Nos idos de setenta, interrogava-me e interrogava companheiros de profissão:
“Por que será que eu dou aulas tão bem dadas e há sempre alunos que não aprendem, que precisam de apoios, de reforço, ou que até reprovam?”
Invariavelmente, esta era a resposta:
“Eles não conseguem acompanhar o ritmo das aulas. Têm dificuldades de aprendizagem. Alguns são deficientes”.
Justificava-se o insucesso com base na teoria dos dotes, ou através de teorias de natureza socioemocional, ou econômica:
“Eles são pobres. Os pais são analfabetos.
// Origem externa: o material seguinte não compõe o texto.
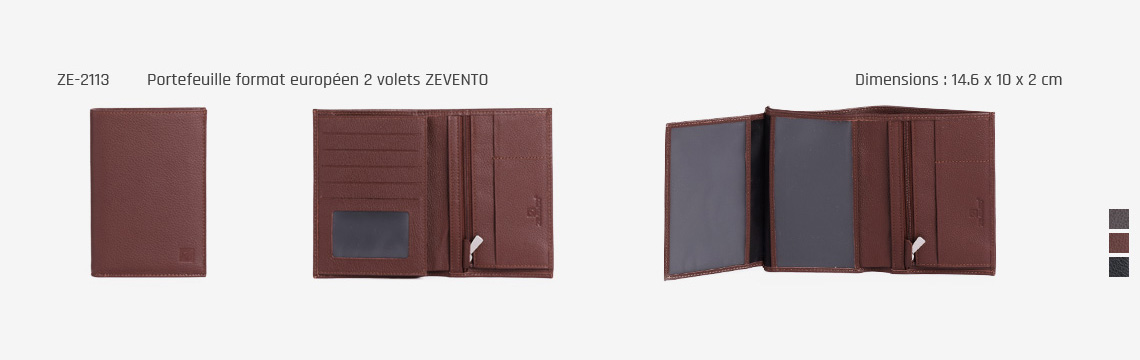 ZEVENTO ZE-2113 Portefeuille format européen 2 volets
Não têm livros em casa”.
As origens da educação compensatória remetiam-nos para práticas como as de Froebel, nos primeiros jardins de infância das favelas alemãs, no advento da primeira revolução industrial, ou as “Casas dei Bambini” de Maria Montessori, nas favelas italianas.
Já nos anos setenta, o programa Head Starter, um programa abrangente de desenvolvimento infantil, com o objetivo de ajudar as comunidades a atender às necessidades de crianças pré-escolares desfavorecidas norte-americanas, desenvolvia campanhas de ordem sanitária, alimentar e de assistência social.
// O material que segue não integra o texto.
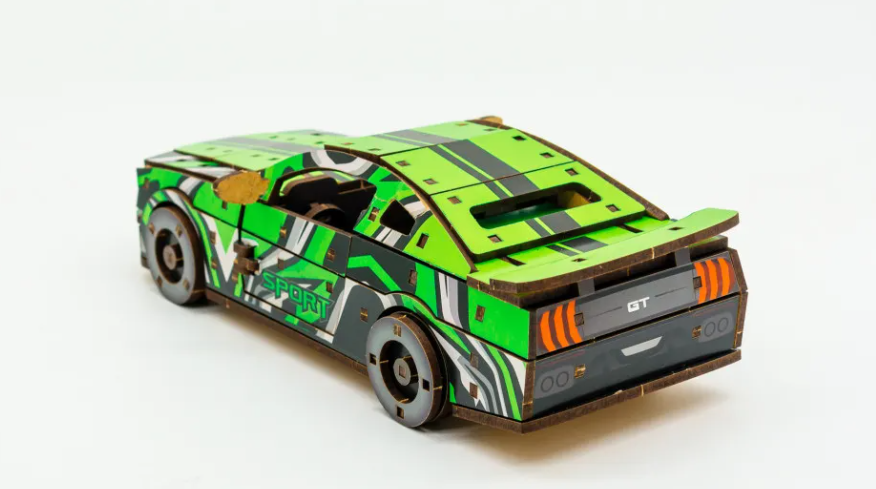 Конструктор дерев’яний 3D "Muscle car GT" (зелена), PuzzleOk зображення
Isso mesmo! O modelo educacional herdado da revolução industrial do século XIX era o principal responsável pelo fracasso da escola. uma escola que discriminava a cultura de origem da criança e a culpava, bem como à família, pelo “déficit” educacional. A educação compensatória mecanizava o processo de aprendizagem, desculpabilizando uma escola que não acolhia, nem dava resposta à diversidade cultural.
No último quartel do século XX, nos meus primeiros trinta anos de professor, assisti a inúmeras tentativas de reforma assentes nos pressupostos da educação compensatória e da desculpabilização curricular. Essa tendência se prolongou pelas primeiras duas décadas do nosso século. Chegados aos anos vinte, os ministérios mantinham-se atrelados às políticas de antanho, juntando-lhe um discurso fantasista revestido de termos como “autonomia” “flexibilização”, “inovação”.
Em discursos vazios de conteúdo, ministros alegavam melhoria dos resultados escolares. Teciam elogios a escolas “autônomas”, que de autônomas nada tinham. Referiam-se a flexibilizações curriculares, que não passavam de jogos de somas e subtrações de tempos letivos.
Dar-vos-ei um exemplo: o projeto chamado “Turma Mais”, que previa “pedagogias diferenciadas e formas diversificadas de organização do grupo turma” Quais seriam as pedagogias, ou que diferenciação e diversificação foi ensaiada? Nunca se soube.
À boa maneira das classes de nível, “uma turma sem alunos fixos” agregava, temporariamente, alunos de várias turmas do mesmo ano de escolaridade”, com dificuldades idênticas numa determinada disciplina”. Cada grupo ficava “sujeito a um horário de trabalho semelhante ao da sua turma de origem, com a mesma carga horária e o mesmo professor por disciplina”. Continuavam a trabalhar “conteúdos programáticos” da turma de origem, “sem sobrecarga de horas semanais”.
“Turma”, “disciplina”, “horas semanais”, “ano de escolaridade”…
Dava-se o nome de “inovação” a pedaços de tralha pedagógica. ministerialmente, algo mudava, para que ficasse tudo igual.